Es así Madrid una musa un tanto peculiar, a la que no le basta con ser fuente de inspiración. También espera la respuesta de su destinatario, la confirmación del encanto que ejerce sobre uno de sus amantes más ardientes, pero también más exigentes. Porque, en sus crónicas, que después de habitar en las páginas más destacadas de muchos diarios, desde 1990 ocupan la última página de El Mundo, aflora algún que otro reproche.
Umbral buscaba historias en una ciudad cuya imagen cosmopolita él mismo contribuyó a construir. Sólo una reflexión despierta, sincera y desposeída de cualquier prejuicio, como era la suya, podía encontrar ese comentario, ese rumor o esa reunión que, tras pasar por su mente, se convertía en un artículo lleno de la esencia de la propia ciudad.
Umbral era un maestro de la alquimia, esa ciencia que transmuta la materia, que él aplicaba en cada una de las frases que dedicaba a esta ciudad. En una ocasión le pedí que viniera al Metro, y allí hizo un discurso cargado de nostalgia acerca de las muchachas “espigaditas y listas” que iban a sus asuntos mientras leían bajo tierra sus columnas, prestando atención, una vez más, al paisaje humano antes que al prodigio técnico. Entonces comprendí que Umbral entendía a la perfección el sentido de lo que estábamos haciendo, y que si el Metro daba para un texto así, lleno de vida, entonces es que íbamos por buen camino.

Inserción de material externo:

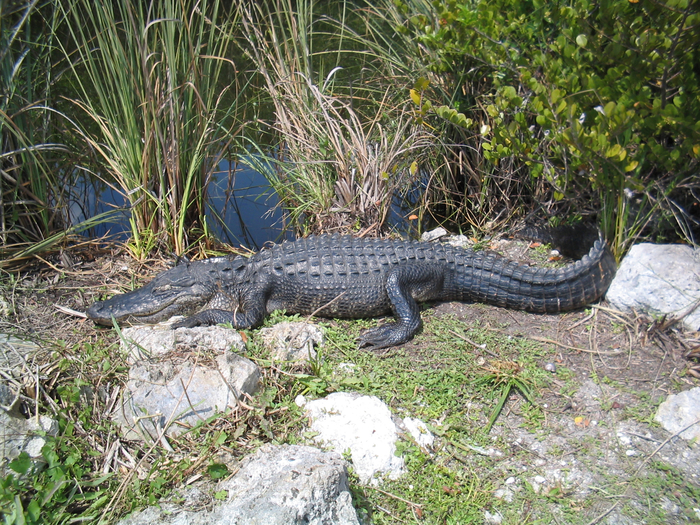 American_alligator_Everglades_National_Park_0024 (700x525, 634Kb)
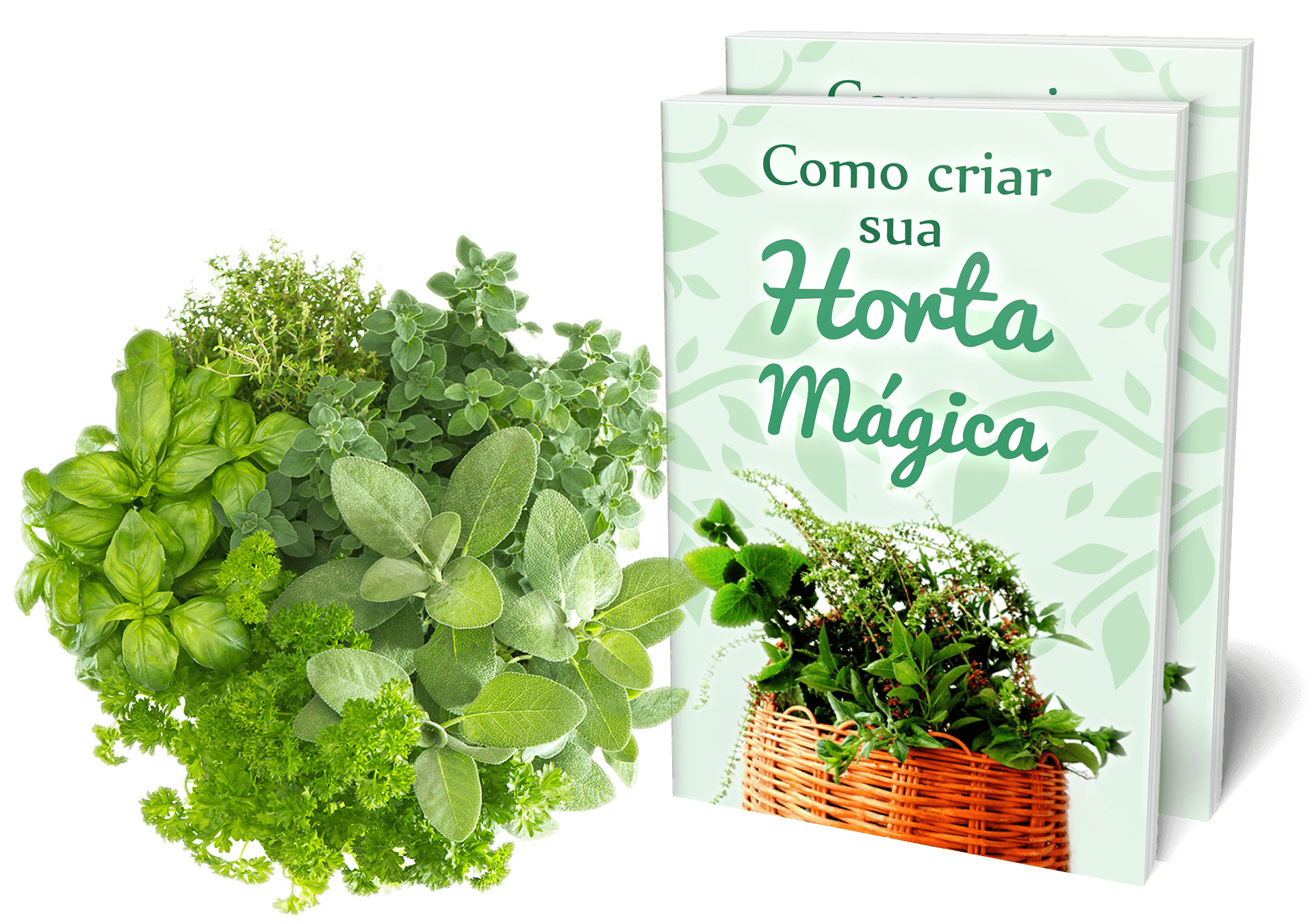FORM: Horta Mágica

Con Francisco Umbral muere el último gran cronista de la vida social, cultural y política de Madrid, sobre la cual ha mantenido una mirada constante durante décadas, siempre polémico y nunca indiferente. A pesar de moverse en los ambientes literarios y políticos, la suya nunca fue una crónica oficial, sino viva y crítica, porque, como hizo en 'Los Metales Nocturnos', recorrió el mismo viaje de Max Estrella desde los palacios a los suburbios, y sobre todo porque fue relator de la vida palpitante de los hombres y mujeres que hacen Madrid. Por algo era capaz Umbral de pasar en unas pocas páginas del Club de Campo a los barrios, en otro tiempo olvidados, del Manzanares, como hace en 'Trilogía de Madrid'. No en vano, Umbral conceptuó Madrid como 'Tribu Urbana', antes que como colección de paisajes.

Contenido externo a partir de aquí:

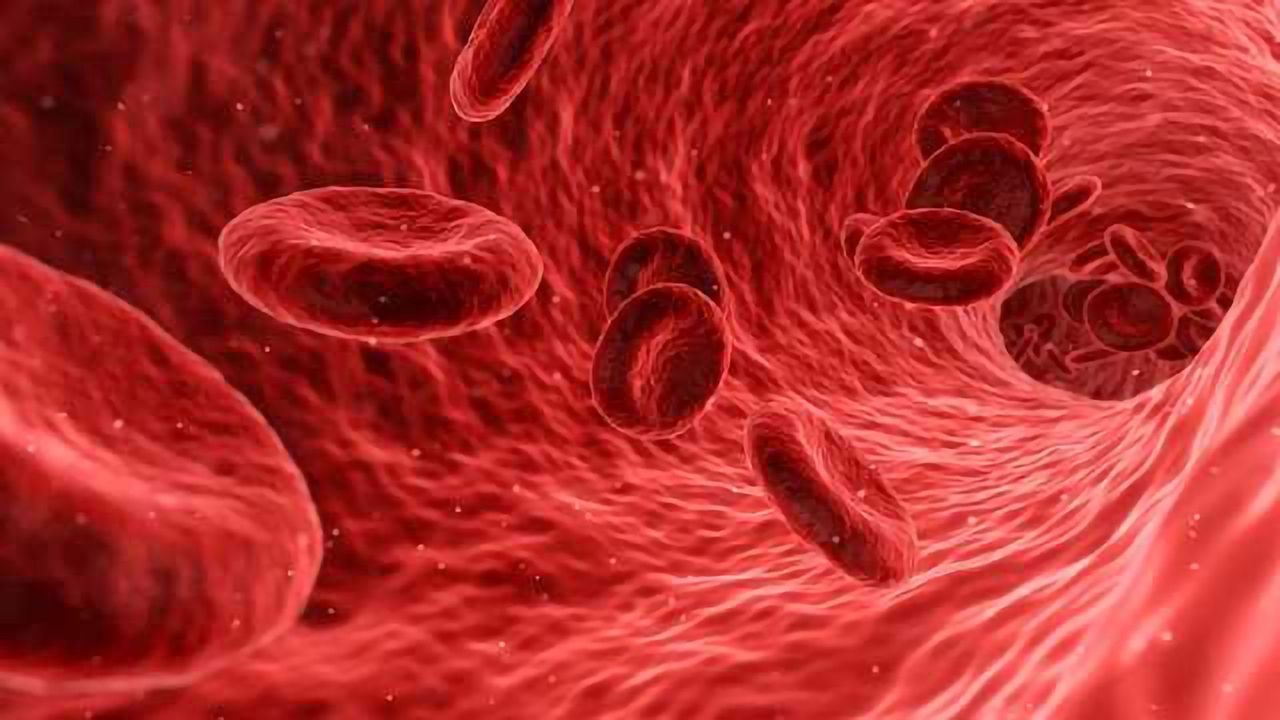 Blood Test for Colitis Screening Could Reduce Dependence on Colonoscopy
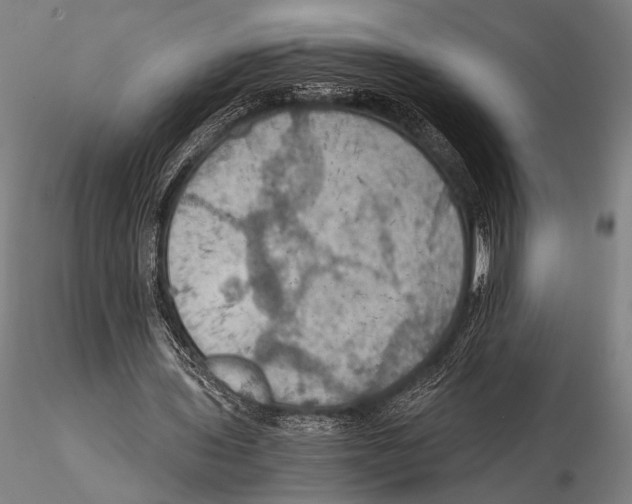 X0000115410435200912011344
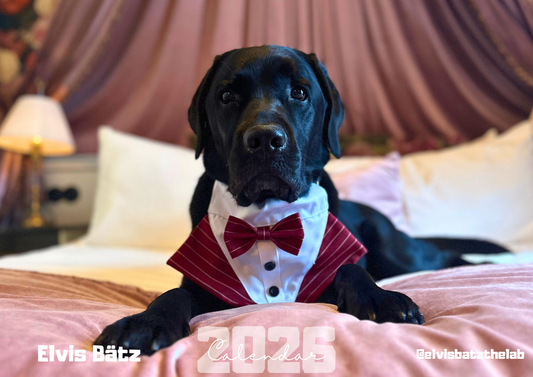 ELVIS CALENDAR 2026!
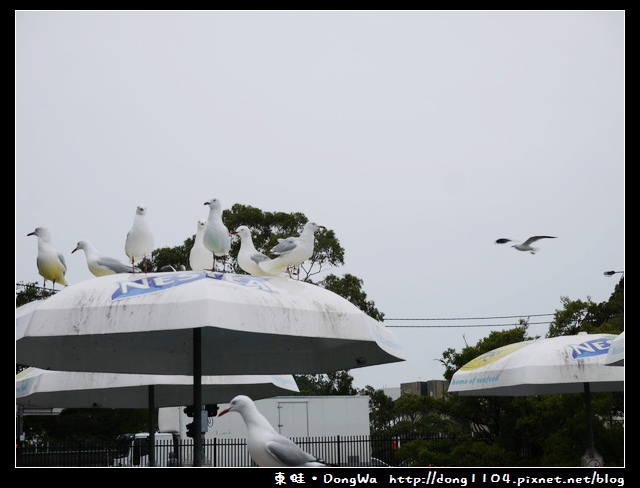 【雪梨遊記】SYDNEY FISH MARKET。雪梨魚市場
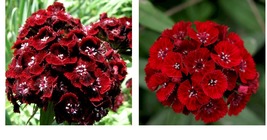 600 Seeds! Sweet William dianthus DUNETTI Red Spring Blooms Butterflies Seeds  - £21.17 GBP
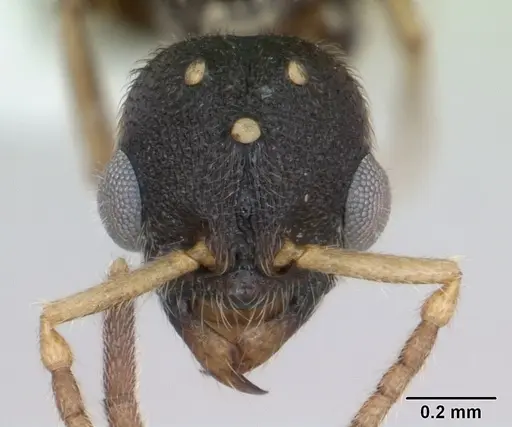 Typhlomyrmex clavicornis specimen CASENT0173388 image casent0173388_2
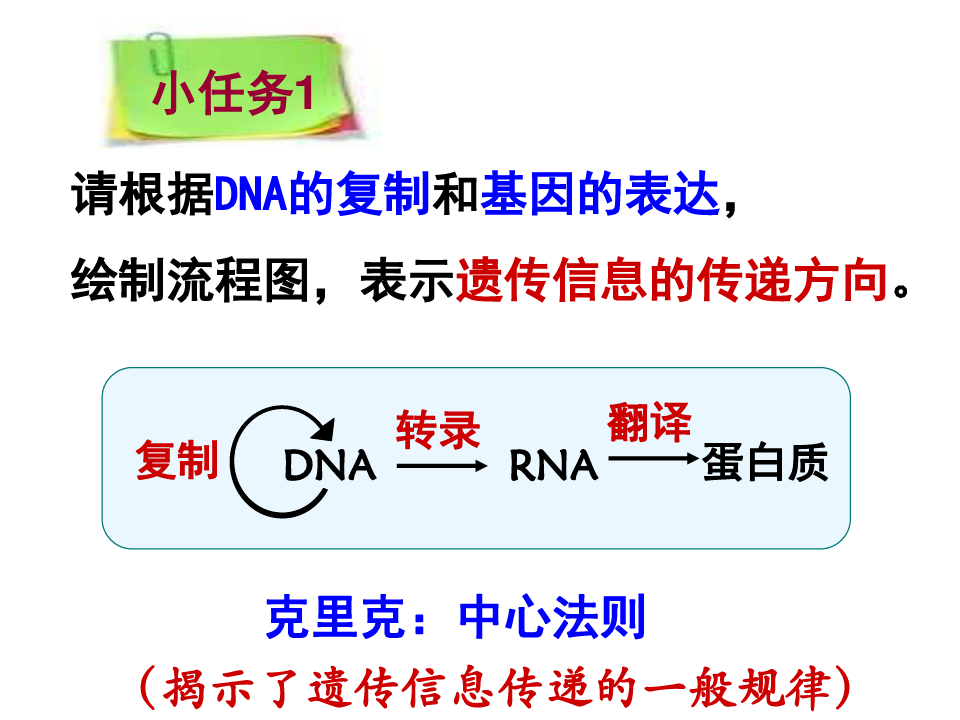 最新基因对性状的控制-(获奖课件)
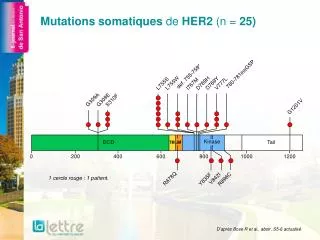 Mutations somatiques de HER2 (n = 25)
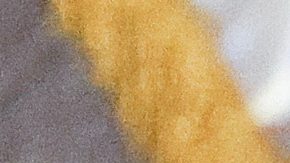 Trump hizo una mención explícita al programa nuclear iraní, que motivó que en junio EE.UU. bombardeara sus instalaciones.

Quizá Madrid no haya tenido un cronista semejante en la tradición de la gran literatura desde Ramón Gómez de la Serna, aunque puede decirse que Umbral fue más bien una especie de segundo Cansinos Assens, es decir, el patriarca de las letras y los salones que todo lo vio y todo lo contó, que hizo su literatura a la vista de la gente, y, sobre todo, a base de la gente. Por todo ello, el vacío que deja es enorme, a pesar de los imitadores, porque, como todos los grandes, Umbral era un género en sí mismo, y sus anécdotas, su voz, y, en definitiva, su presencia en la vida diaria de la ciudad han pesado tanto como sus obras, hasta el punto de que son parte inherente del Madrid actual.
ALBERTO RUIZ-GALLARDÓN
El Mundo 28/08/2007
2 comentarios:
Qué hambre de tiempo, qué hambre de esas memorias de Rafael Cansinos Assens, qué hambre de las obras de don Ramón que aún no he leído, siendo las que he leído no pocas.
Acabo de volver de los madriles, antes de coger el buho, he pasado por una plaza cerrada que no conocía, habiendo quizá pasado tantas veces por ella: la plaza de la caja de ahorros.
Madrid, aún en su centro donde se supone que todo se conoce, siempre tiene alguna América por descubrir.
Esta plaza aparece encadenada en su entrada, y me he detenido para observar los edificios que jugaban al corro en esa nada protegida.
Al menos, nosotros no olvidaremos al maestro.
A veces piensa una si el estado de necesidad aviva la mente y de ahí estos grandes ilustres y esas experiencias tan ricas en el pasado... y luego está el incansable Ruano, al que tanto admiraba el maestro Umbral.